Note that the second parameter for sealed() is null, because there are no optional properties, the signature is (props, optionalProps, metadata). For convenience, the library differentiates objects with and without additional properties as object() and sealed(), respectively — both with the same signature. There's a JSON Schema compatibility helper that lets you define schemas with the same API but get JSON Schema instead — useful for Fastify:

import Fastify from 'fastify'
import jsontypedef from 'jsontypedef'

const { object, string } = jsontypedef.schema

fastify.post('/the/url', {
  schema: {
    headers: object({
      'x-foo': string()
    }),
  },
  handler (req, reply) {
    reply.send('ok')
  }
})

Fastify of course recommends fluent-json-schema for the same purpose, but I've found my JTD version to be a little less verbose.
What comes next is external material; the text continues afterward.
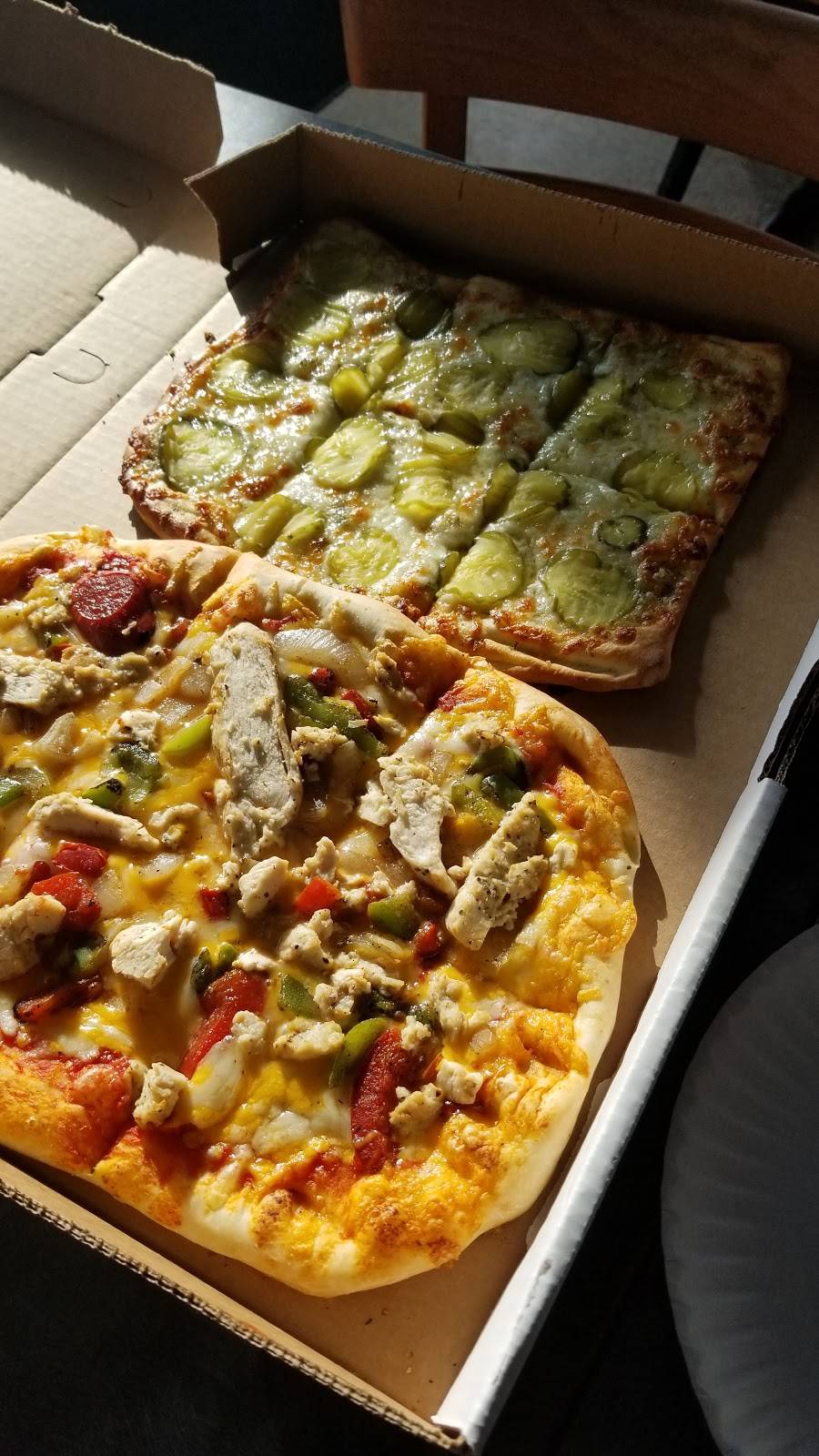 SUBMASTERS | restaurant | 105 Main St, North Tonawanda, NY 14120, USA | 7169573500 OR +1 716-957-3500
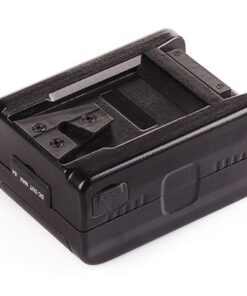 Pin SWIT V-mount PB-M98S - Ảnh 3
Here's an example using fluent-json-schema:

const schema = S.object()
  .title('My First Fluent JSON Schema')
  .description('A simple user')
  .prop('email', S.string().format(S.FORMATS.EMAIL).required())
  .prop('password', S.string().minLength(8).required())
  .prop('role', S.string().enum(Object.values(ROLES)).default(ROLES.USER))

And with jsontypedef:

const schema = object({
  email: string(),
  password: string(),
  role: values(Object.values(ROLES)),
}, null, {
  title: 'My First Fluent JSON Schema',
  description: 'A simple user',
})

Note that the second parameter of jsontypedef.object() is reserved for optional properties, and in this case there are none. A lot of the reduced verbosity has to do of course with the fact JTD doesn't include the granular data validation rules from JSON Schema, but if you're not using them, it's worth the noise reduction!

⁂

Before wrapping up, here's another bit of trivia: perhaps not really trivia, but I'm guessing you never heard of RFC 8610, or, Concise Data Definition Language (CDDL). It's used in RFC 8927 to describe JTD itself:

properties = (with-properties // with-optional-properties)
with-properties = (
  properties: { * tstr => { schema }},
  ? optionalProperties: { * tstr => { schema }},
  ? additionalProperties: bool,
  shared,
)
with-optional-properties = (
  ? properties: { * tstr => { schema }},
  optionalProperties: { * tstr => { schema }},
  ? additionalProperties: bool,
  shared,
)

That's when I learned about Carsten Bormann, the author of CDDL, CBOR and many other RFCs. cbor-node has over 250k weekly downloads on npm. I had never heard of it before, but it must be pretty useful. Carsten has been authoring RFCs since 1998 and recorded a nice little video explaining CDDL and its history. CDDL actually looks great and seems to enable a lot of the same features of JSON Schema. Unfortunately the JavaScript tooling doesn't seem to be mature enough yet, if only ajv would support it!